Those who can’t do, teach…
Financial education is a complex topic. No, I am not speaking of a degree in finance or a related field from a University. Rather, I want to focus on the vast amount of educators, trainers, gurus… that are out there to sell you the courses you need to succeed.
Let’s be honest. There are some genuine people, but many of them are scams and they are rather businessmen than mentors or teachers. Hence, their main objective is to sell you a course and get rich with that. They do not make money with trading or investing. They make money by teaching you how to make money. And this extends far beyond the world of trading or investing.
The first question that I had when I first interacted with financial educators (and maybe you had as well) is the following: why do you teach if you are already making money with your trading or investing skills? I heard many interesting replies to that question, from babbling some nonsense to “because only if you pay you will be serious about that”. Sure 🙂
Indeed, you do not see people like Warren Buffett giving courses to wannabe investors. So you may conclude that probably these teachers are not good if they need to sell you a course to make money. After all, as George Bernard Shaw said, “He who can, does; he who cannot, teaches”. But is it really true that only people who are good at doing something can be good teachers?
Can Do = Can Teach?
Many of us had below average professors and teachers in school or at the University. At the same time, a bad professor can be an excellent researcher. This means that he or she knows the topic very well, but is just not able to teach it. Maybe the reason is lacking soft skills, or maybe the arrogance of feeling superior to the students. Whatever the reason, one important thing to consider when looking for a financial educator is how the content is delivered. To know that, you can often attend free previews. Indeed, the objective is to sell a course, but you can easily understand how the person delivers the content.
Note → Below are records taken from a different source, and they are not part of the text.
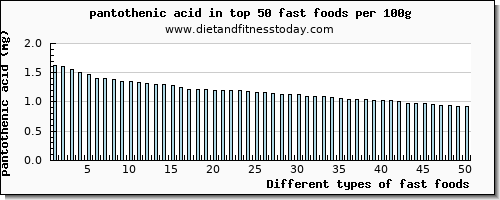 fast foods pantothenic acid per 100g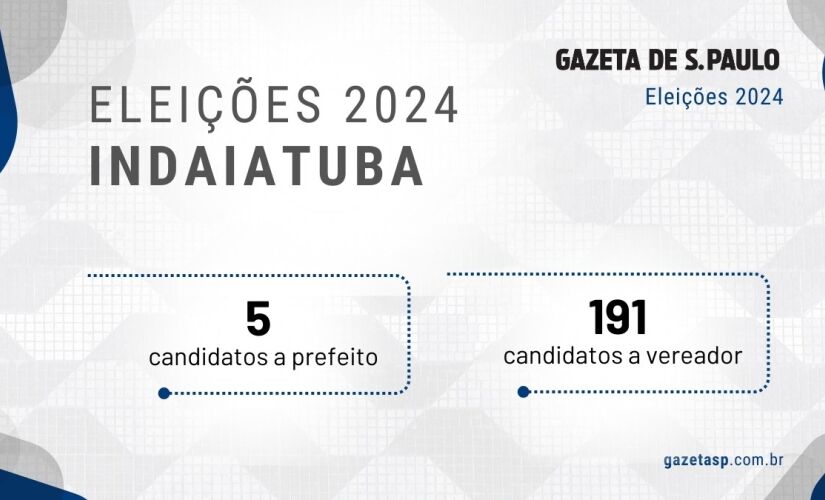 Candidatos a prefeito e a vereador em Indaiatuba 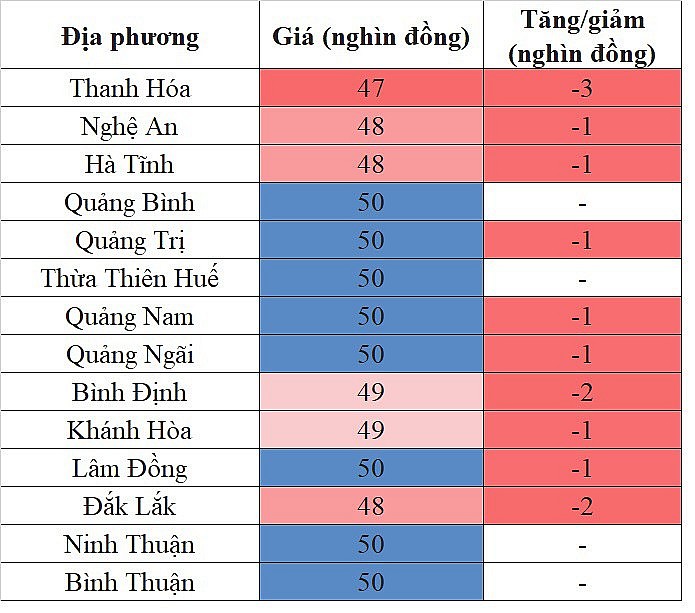 Giá heo hơi hôm nay 18/10/2023 tại khu vực miền Trung - Tây Nguyên ghi nhận mức giảm sâu nhất 3.000 đồng/kg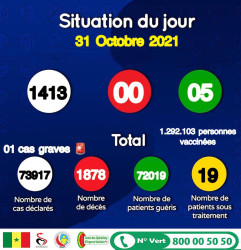 Senegal covid 19 - 31 oct.jpg
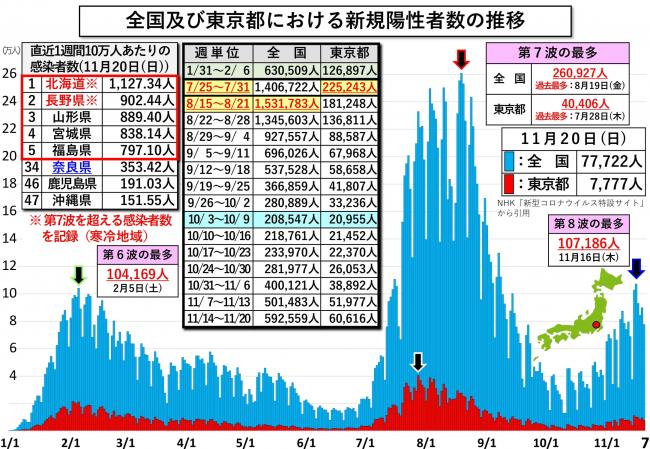 全国及び東京都における新規陽性者数の推移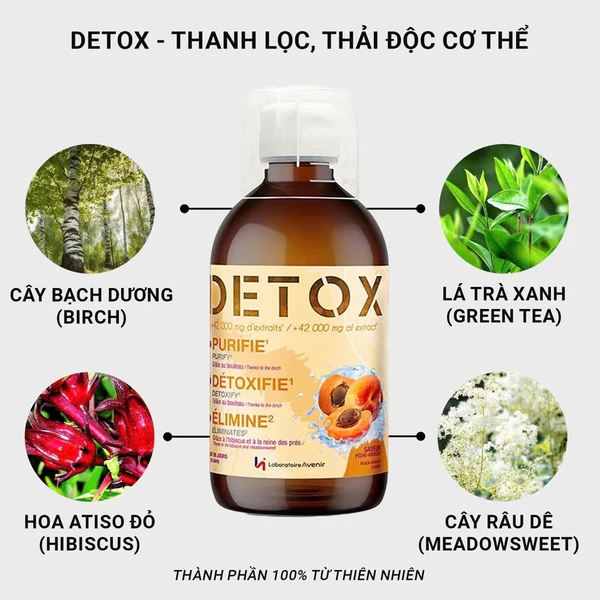 LABORATOIRE AVENIR DETOX / DETOX THẢI ĐỘC CƠ THỂ 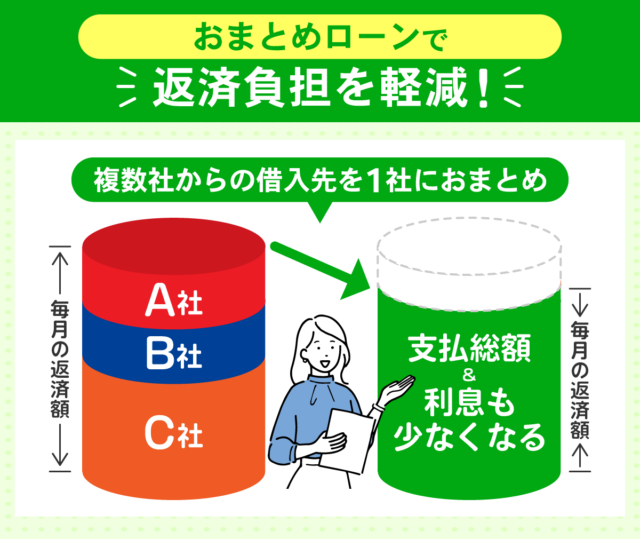 おまとめローンを使用すると返済負担が軽減することを 円柱グラフで比較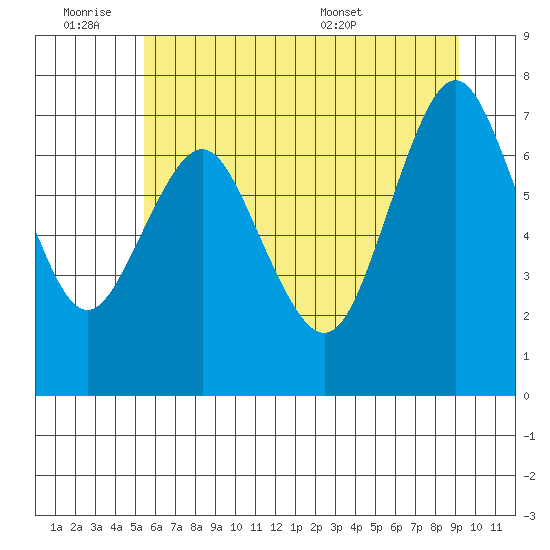 Tongue Point tide chart for Friday, July 2, 2021
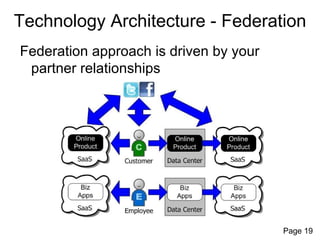 Identity and Access Management Reference Architecture for Cloud ...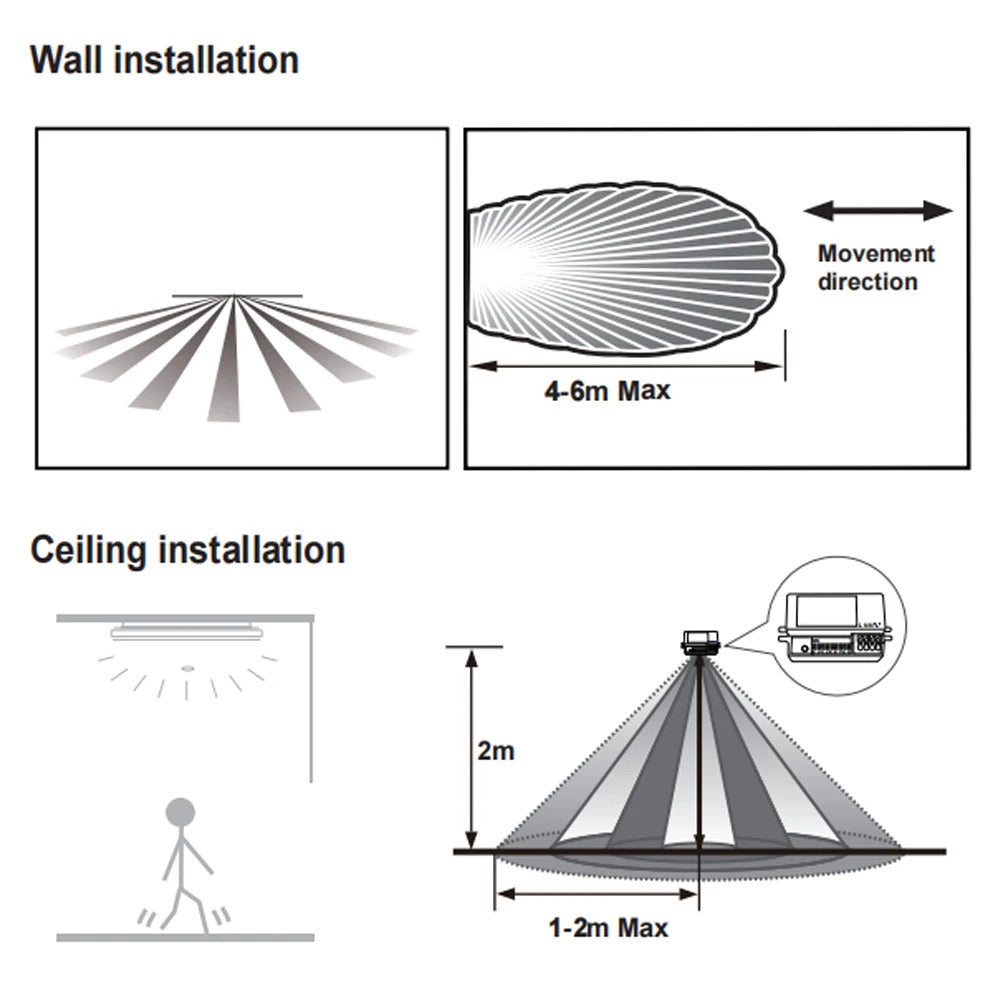 5.8GHz MICROWAVE MOTION SENSOR SWITCH DC 3.3-24V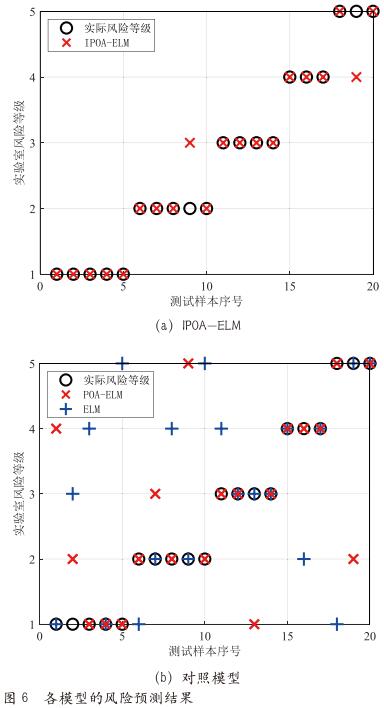 基于IPOA-ELM的化工类实验室 风险评估研究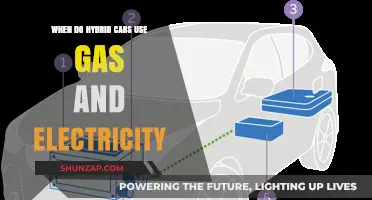 Hybrid Cars: When Gas and Electricity Power Your Drive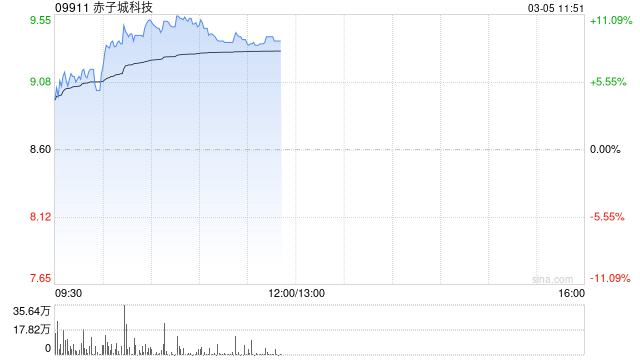 赤子城科技早盘涨逾9% 公司预计全年利润同比增长超87.5%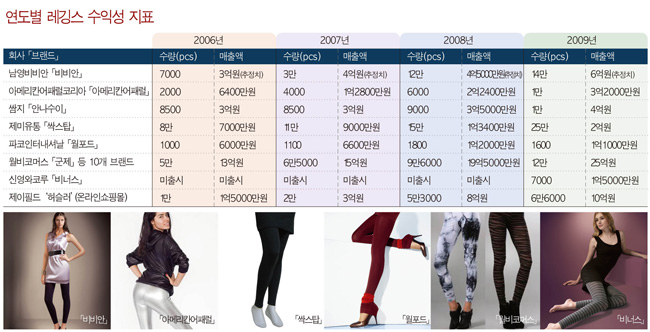 패션은 다리에서! 레깅스 열풍~ 5267-Image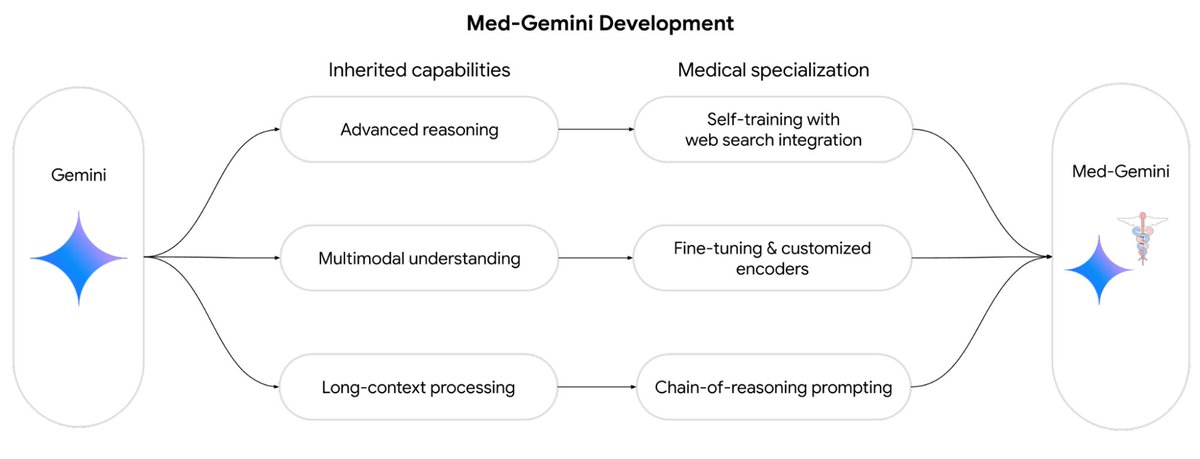 Introducing Med-Gemini, our new family of AI research models for medicine, building on Gemini's advanced capabilities. We've achieved state-of-the-art performance on a variety of benchmarks and unlocked novel applications. goo.gle/3UK7Oax #MedGemini #MedicalAI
Another point to consider is that one may know how to teach something even though he or she cannot do it. And this person can be a better teacher than someone who is able to do the task. A little confused? I give you an example. If you want to learn a new language, maybe asking a native speaker to teach you is not a great idea. Why? Because a native speaker knows how to speak but often do not know the rules behind. It is just natural. Hence, a non-native speaker who studied the rules of the language would be a better choice as an educator. And this applies to sports as well. Not all the great coaches can do what they teach, and yet they are great! At the same time, a great player may not be as good as a coach.
So what is the key message? When you are looking for a financial educator, do not focus on what he or she did achieve. Rather, focus on how the content is delivered, how the educator replies to your questions, and how his/her students are doing using what was taught. This will help you better separate between good and bad financial educators.